══ Given records ══

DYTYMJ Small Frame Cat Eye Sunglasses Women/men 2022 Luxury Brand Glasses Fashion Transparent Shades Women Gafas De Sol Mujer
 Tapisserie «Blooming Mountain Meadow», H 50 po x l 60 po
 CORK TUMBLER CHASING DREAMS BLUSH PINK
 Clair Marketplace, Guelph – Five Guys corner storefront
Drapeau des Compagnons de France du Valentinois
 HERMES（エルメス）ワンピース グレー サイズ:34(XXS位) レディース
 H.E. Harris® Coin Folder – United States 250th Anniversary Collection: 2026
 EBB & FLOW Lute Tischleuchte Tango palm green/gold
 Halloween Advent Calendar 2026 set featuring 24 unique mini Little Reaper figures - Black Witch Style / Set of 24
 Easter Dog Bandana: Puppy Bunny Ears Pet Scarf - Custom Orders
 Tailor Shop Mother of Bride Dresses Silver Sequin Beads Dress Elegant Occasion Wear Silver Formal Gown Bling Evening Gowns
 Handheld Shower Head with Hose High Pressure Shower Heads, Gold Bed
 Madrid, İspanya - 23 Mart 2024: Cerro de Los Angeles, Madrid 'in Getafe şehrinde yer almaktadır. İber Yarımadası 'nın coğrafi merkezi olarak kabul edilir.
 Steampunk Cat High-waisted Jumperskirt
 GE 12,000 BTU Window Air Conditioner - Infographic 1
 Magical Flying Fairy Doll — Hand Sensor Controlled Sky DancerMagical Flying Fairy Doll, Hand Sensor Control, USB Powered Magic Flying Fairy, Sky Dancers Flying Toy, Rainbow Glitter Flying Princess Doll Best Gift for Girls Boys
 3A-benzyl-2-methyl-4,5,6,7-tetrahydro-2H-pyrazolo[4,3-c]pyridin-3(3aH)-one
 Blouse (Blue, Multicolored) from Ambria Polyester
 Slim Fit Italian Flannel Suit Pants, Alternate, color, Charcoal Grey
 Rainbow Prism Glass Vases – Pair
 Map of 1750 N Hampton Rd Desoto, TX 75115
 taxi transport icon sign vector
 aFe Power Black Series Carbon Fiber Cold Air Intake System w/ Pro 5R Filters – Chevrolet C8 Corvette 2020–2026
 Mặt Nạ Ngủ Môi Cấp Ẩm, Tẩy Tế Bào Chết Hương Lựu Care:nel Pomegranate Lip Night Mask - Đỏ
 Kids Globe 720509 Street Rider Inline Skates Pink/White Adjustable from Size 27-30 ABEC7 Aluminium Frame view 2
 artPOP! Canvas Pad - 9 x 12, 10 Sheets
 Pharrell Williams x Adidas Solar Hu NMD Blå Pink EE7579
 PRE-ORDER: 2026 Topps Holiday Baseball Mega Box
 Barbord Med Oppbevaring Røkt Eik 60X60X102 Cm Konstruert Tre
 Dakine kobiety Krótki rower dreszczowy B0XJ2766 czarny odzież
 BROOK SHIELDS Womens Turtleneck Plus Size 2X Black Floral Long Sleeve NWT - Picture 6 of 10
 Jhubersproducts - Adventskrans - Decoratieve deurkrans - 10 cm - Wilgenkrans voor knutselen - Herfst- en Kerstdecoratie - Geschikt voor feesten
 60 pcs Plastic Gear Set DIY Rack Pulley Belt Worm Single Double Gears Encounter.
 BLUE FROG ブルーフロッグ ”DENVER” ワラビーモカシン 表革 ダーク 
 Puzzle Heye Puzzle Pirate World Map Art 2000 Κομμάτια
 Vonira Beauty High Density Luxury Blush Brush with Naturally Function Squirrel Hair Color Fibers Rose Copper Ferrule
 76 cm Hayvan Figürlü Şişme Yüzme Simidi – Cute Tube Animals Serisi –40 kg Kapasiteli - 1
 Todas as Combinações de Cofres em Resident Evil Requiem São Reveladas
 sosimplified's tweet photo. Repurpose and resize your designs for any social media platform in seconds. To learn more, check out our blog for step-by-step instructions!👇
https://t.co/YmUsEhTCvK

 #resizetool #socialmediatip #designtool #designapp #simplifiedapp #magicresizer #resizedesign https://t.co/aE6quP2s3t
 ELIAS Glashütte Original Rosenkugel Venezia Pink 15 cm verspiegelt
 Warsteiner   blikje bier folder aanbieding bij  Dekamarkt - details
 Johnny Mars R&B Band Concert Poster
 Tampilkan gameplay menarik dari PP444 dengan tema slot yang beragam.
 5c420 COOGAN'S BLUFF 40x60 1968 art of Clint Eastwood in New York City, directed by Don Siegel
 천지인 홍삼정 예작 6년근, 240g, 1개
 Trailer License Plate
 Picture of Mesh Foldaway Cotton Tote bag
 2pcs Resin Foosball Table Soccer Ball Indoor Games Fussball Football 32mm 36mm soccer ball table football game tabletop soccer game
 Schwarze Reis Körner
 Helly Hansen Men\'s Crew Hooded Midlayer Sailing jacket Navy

═══

▶ _Prompt_:
Only the lines above starting at the one containing "Easter Dog Bandana: Puppy" and ending at the one containing "Handheld Shower Head", both included, are to be returned, exactly as they read.

▶ _Expected answer_:
 Easter Dog Bandana: Puppy Bunny Ears Pet Scarf - Custom Orders
 Tailor Shop Mother of Bride Dresses Silver Sequin Beads Dress Elegant Occasion Wear Silver Formal Gown Bling Evening Gowns
 Handheld Shower Head with Hose High Pressure Shower Heads, Gold Bed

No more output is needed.